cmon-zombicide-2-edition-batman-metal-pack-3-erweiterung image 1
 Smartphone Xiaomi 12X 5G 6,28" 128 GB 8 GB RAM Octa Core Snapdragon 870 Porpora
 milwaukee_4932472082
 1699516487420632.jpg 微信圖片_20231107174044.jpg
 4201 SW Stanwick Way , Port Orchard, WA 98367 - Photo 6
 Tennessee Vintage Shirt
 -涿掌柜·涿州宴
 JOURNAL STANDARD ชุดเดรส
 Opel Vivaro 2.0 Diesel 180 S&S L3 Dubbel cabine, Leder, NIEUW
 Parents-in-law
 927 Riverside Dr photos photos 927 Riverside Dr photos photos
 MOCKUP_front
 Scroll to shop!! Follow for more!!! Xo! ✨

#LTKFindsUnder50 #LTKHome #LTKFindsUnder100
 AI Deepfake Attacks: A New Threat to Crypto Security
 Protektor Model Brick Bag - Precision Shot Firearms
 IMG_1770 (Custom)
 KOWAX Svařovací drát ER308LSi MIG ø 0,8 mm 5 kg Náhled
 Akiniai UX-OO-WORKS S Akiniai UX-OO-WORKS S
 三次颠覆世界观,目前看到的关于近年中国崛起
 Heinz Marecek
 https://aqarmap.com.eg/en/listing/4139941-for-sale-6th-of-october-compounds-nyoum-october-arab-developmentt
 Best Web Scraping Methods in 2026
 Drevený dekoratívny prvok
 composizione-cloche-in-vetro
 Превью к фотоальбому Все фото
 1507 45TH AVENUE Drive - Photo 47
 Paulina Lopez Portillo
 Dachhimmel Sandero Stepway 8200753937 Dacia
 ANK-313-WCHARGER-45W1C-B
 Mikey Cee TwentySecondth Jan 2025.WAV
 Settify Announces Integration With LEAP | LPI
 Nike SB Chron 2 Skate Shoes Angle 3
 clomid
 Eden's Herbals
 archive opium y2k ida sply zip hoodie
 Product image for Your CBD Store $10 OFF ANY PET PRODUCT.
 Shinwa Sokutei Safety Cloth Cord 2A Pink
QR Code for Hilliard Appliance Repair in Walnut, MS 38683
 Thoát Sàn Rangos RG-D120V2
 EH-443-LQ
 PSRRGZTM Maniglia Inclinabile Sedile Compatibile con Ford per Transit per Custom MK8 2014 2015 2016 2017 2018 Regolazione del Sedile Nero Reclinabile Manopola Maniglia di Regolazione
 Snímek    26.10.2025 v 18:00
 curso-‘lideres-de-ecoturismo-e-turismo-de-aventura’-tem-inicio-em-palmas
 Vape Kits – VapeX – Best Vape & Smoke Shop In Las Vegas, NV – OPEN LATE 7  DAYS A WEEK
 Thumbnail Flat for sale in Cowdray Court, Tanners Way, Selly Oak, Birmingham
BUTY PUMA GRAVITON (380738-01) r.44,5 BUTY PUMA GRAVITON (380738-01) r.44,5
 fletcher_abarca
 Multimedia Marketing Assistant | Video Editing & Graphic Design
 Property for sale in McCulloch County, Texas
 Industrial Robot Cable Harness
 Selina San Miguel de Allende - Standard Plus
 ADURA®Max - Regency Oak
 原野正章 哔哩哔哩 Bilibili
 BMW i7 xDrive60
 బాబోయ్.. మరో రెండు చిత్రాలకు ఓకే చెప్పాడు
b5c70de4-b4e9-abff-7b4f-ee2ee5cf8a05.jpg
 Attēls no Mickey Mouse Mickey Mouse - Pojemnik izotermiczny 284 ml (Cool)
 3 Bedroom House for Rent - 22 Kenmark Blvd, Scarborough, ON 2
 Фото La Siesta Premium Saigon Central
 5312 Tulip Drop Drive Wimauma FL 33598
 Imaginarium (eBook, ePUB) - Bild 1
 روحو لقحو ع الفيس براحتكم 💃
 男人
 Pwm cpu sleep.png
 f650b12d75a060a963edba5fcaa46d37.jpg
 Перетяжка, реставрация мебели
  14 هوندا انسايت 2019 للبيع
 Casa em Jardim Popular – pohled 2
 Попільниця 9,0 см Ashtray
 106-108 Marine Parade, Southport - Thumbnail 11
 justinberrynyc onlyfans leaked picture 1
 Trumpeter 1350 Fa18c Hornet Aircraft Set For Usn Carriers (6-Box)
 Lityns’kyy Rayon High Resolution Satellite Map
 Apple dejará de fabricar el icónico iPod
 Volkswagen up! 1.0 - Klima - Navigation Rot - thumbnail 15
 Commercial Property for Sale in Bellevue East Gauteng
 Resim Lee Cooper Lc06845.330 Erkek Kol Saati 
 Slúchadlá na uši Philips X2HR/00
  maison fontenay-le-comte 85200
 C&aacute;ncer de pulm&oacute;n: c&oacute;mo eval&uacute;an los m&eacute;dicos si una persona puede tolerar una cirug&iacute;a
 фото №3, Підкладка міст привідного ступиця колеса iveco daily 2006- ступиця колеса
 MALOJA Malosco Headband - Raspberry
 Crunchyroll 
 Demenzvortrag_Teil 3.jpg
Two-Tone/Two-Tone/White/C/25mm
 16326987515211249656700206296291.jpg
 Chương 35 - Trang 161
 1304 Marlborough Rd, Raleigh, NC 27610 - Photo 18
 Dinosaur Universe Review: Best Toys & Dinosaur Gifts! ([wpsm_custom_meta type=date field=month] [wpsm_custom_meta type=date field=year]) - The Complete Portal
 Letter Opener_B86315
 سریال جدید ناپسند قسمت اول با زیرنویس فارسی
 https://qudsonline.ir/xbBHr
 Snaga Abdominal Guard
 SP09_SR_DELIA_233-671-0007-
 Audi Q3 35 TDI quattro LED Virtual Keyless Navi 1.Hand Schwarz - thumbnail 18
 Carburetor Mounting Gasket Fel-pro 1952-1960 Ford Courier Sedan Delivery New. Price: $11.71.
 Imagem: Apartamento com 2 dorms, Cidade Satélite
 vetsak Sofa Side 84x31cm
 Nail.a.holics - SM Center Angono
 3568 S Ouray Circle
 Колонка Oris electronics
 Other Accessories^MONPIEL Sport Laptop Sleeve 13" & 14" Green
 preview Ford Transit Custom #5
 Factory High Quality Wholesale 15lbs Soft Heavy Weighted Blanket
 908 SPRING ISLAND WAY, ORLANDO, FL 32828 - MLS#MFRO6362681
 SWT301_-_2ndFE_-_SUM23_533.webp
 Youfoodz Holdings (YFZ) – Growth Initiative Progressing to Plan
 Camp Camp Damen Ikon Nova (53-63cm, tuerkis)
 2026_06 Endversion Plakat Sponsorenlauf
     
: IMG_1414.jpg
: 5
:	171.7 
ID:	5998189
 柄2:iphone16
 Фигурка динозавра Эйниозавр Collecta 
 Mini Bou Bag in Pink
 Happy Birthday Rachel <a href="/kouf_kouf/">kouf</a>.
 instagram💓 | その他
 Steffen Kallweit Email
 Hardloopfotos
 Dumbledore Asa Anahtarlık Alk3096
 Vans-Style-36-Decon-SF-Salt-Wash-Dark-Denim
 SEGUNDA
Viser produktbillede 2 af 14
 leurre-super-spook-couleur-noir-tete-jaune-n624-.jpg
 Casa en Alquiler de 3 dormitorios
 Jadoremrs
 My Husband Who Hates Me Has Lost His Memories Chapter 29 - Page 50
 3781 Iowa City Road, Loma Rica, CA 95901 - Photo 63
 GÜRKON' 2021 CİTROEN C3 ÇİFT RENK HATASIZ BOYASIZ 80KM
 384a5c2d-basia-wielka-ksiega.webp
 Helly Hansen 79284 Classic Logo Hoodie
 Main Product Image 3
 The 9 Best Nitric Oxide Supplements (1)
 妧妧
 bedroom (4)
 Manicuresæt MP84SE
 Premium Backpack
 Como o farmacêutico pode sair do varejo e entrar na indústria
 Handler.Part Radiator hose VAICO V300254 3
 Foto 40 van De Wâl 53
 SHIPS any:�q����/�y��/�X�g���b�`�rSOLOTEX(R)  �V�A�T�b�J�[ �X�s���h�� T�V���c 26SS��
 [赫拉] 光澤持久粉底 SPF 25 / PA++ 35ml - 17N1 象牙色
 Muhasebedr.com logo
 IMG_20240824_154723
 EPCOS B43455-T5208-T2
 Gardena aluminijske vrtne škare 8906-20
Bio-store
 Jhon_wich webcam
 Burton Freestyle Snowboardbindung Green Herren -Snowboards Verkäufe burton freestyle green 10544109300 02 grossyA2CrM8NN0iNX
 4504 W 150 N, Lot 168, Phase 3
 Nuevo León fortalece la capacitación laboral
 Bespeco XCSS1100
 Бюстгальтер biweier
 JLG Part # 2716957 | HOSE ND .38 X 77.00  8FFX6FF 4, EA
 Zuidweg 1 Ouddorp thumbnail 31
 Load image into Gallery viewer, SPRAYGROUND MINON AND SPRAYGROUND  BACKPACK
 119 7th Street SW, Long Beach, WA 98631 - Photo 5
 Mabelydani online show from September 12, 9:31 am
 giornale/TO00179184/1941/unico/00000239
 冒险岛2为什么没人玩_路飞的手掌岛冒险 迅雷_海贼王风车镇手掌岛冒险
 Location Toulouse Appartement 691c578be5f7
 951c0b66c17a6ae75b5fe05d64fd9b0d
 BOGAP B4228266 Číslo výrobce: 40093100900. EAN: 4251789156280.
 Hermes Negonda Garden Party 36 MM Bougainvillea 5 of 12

****************************************

Collect every line above that contains the word "webp".

 SWT301_-_2ndFE_-_SUM23_533.webp
 384a5c2d-basia-wielka-ksiega.webp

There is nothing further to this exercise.